L’élément structurant de ce soutien financier réside dans la valorisation de la chaleur des procédés industriels qui joue un rôle moteur dans l’amélioration de l’efficacité énergétique globale. En cohérence avec la politique de transition durable du Maroc remarquablement portée par le Roi Mohammed VI, le groupe OCP a officialisé le lancement du programme d’investissement vert de l’ordre de 13 milliards d’euros pour la période 2023 – 2027, et réaffirme ainsi ses engagements phares pour l’atteinte de la neutralité carbone avant 2040. Ce projet de renaissance industrielle accorde une place particulière à l’ensemble de l’écosystème, et favorise une fertilisation de précision ajustée aux spécificités locales grâce à l’intelligence artificielle et l’innovation avec le concours l’UM6P. Clairement, la dynamique du leader mondial de la production de phosphate gravite autour de la massification des énergies renouvelables qui vont permettre aux technologies de l’hydrogène vert de s’émanciper et d’ouvrir de facto la voie à la production d’ammoniac décarbonné et compétitif. Il est par ailleurs indispensable de collaborer avec des partenaires robustes sur un tel gisement de croissance durable. Sur ce registre, le positionnement du Groupe Norvégien Yara International est exceptionnel du fait de l’adoption d’une approche holistique via sa nouvelle unité agrégatrice Yara Clean Ammonia. Audacieusement innovant, le groupe OCP se met en ordre de bataille pour profiter du plus haut degré de performances durables et se transmuer progressivement en entreprise régénérative.

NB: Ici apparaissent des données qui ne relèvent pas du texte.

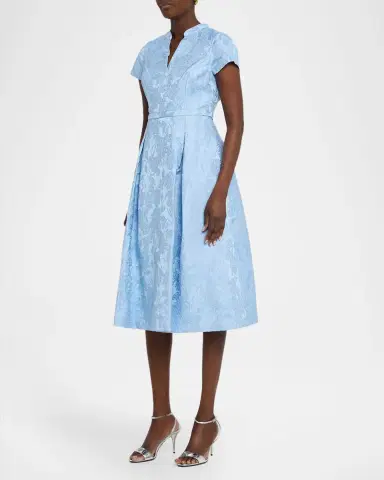 SACHIN & BABI Hanna Pleated Floral Jacquard Midi Dress | Thumbnail 4 SACHIN & BABI Hanna Pleated Floral Jacquard Midi Dress | Thumbnail 4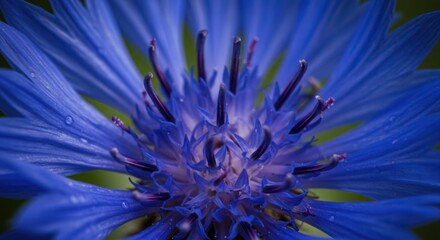 Close-up of Blue Cornflower Blossom with Delicate Petals and Details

L’Europe a bâti un cadre institutionnel et des mécanismes de financement intelligents à l’image des contrats carbone pour différence (CCPD), qui appuient la démocratisation des technologies industrielles à faibles émissions et l’utilisation de l’hydrogène propre dans la volonté d’offrir aux investisseurs un environnement propice à la décarbonation de l’ensemble des systèmes industriels européens. Il est clair que les réformes volontaristes de la commission européenne influencent considérablement le modèle industriel français.
Dérégulations
Dans le prolongement de cette politique, le plan France 2030 imaginé par le gouvernement alloue environ 6 milliards d’euros à la décarbonation de l’industrie via le financement des innovations bas carbone et l’octroi d’aides directes aux opérateurs pour se conformer aux règles et normes européennes. Outre atlantique, le Département de l’énergie des Etats-Unis (DOE) a construit une feuille de route qui représente la vision de l’administration américaine en matière de décarbonation industrielle. Ce projet long-termiste qui se veut stimulant pour l’économie, concerne prioritairement les industries chimiques, le raffinage pétrolier, le ciment, l’agroalimentaire et la production d’acier. En raison des complexités des procédés, chacune de ces industries exige une approche spécifique et multifactorielle. Pour garantir la réussite de cette impulsion, les autorités misent sur une forte implication des parties prenantes, une administration plus souple et un paquet de mesures fiscales incitatives. D’autant plus que ces changements transformationnels sont renforcés par la loi «Inflation Reduction Act » votée par le congrès américain, et qui prévoit 370 milliards de dollars d’investissement dans des secteurs d’avenir avantageant le « Made In America » comme les énergies renouvelables, l’électrification industrielle, le véhicule du futur et l’agriculture durable. A travers la réforme du crédit 45Q et la généralisation des démonstrations grandeur nature englobées dans ce nouveau plan, les technologies de rupture relatives notamment au captage de carbone vont être boostées pour installer un marché solide. Notablement, cette stratégie globalisante est soutenue puissamment par le président Joe Biden, et devra faire progresser les indicateurs et les objectifs climatiques mondiaux. Parmi les pays innovants dans le domaine de la décarbonation des systèmes productifs, on retrouve Singapour qui se distingue par un arsenal d’actions emblématiques. Le caractère visionnaire de cette cité-Etat a encore une fois été confirmé au travers le lancement de Temasek.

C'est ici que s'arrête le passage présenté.